Nel XV secolo poi il cognome verrà raddoppiato riprendendo anche l'antico nome dei Salimbeni. La scaltrezza nei commerci è uno dei capisaldi della famiglia, tanto che essa scelse come proprio motto Per non dormire, fatto che, secondo un aneddoto, è da ricondursi ad una vicenda durante la quale un Bartolini, mercante in una piazza europea, ingannò i mercanti rivali invitandoli a un banchetto ed offrendo loro pietanze soporifere, che gli permisero poi di accaparrarsi senza rivali una partita di merce particolarmente vantaggiosa. L'insegna familiare per questo riporta anche tre papaveri entro un anello. Il motto Per non dormire piacque a Gabriele D'Annunzio che lo volle fare suo.
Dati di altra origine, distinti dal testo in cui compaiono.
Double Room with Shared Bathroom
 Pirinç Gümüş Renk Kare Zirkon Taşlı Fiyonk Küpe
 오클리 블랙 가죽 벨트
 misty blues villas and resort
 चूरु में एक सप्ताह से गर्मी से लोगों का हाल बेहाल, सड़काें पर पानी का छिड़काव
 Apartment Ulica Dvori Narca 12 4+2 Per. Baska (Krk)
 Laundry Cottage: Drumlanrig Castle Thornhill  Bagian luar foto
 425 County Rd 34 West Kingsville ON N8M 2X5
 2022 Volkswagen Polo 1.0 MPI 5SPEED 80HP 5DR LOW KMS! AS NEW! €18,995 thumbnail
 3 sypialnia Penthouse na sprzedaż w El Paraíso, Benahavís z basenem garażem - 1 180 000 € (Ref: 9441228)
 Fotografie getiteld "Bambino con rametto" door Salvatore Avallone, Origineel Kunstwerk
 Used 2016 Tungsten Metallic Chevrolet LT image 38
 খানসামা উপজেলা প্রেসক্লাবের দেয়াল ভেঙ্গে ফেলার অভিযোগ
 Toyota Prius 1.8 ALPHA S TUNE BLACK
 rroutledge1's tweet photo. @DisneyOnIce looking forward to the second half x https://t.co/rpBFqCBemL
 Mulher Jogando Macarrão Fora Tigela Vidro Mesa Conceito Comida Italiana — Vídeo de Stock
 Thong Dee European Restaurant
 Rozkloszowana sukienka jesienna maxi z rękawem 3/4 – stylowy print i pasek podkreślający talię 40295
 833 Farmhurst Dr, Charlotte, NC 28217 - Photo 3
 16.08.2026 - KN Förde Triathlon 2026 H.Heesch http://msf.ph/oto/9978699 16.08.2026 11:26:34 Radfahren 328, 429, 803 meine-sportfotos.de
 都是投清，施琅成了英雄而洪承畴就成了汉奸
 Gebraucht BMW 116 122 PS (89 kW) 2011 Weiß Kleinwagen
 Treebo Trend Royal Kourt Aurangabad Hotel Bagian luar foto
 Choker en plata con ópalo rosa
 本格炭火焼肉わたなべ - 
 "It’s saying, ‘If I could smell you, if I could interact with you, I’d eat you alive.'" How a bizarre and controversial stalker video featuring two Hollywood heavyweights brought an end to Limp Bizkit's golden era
Giovanni Bartolini Salimbeni fu l'esponente della famiglia che, agli inizi del XVI secolo, volle dare lustro e prestigio alla sua casata facendosi costruire un grandioso palazzo, che si sarebbe andato ad aggiungere ai possedimenti del palazzo di Valfonda ed al palazzo Bartolini di via Porta Rossa.
Davanti alla basilica di Santa Trinita (dove la famiglia aveva la cappella fatta affrescare da Lorenzo Monaco), Giovanni aveva incaricato Baccio d'Agnolo di costruire il più bel palazzo mai edificicato a Firenze: palazzo Bartolini Salimbeni. Baccio d'Agnolo sperimentò soluzioni architettoniche così innovative per Firenze (siamo negli anni 1520) da essere inizialmente molto aspramente criticate: sembrava un vero fiasco, tanto che alcune decorazioni furono tolte (e fu anche aggiunta la scritta sul portale Carpere promptius quam imitari, cioè "È più facile criticare che imitare"), ma alla fine si rivelò uno dei modelli più copiati per l'architettura residenziale dei secoli a venire.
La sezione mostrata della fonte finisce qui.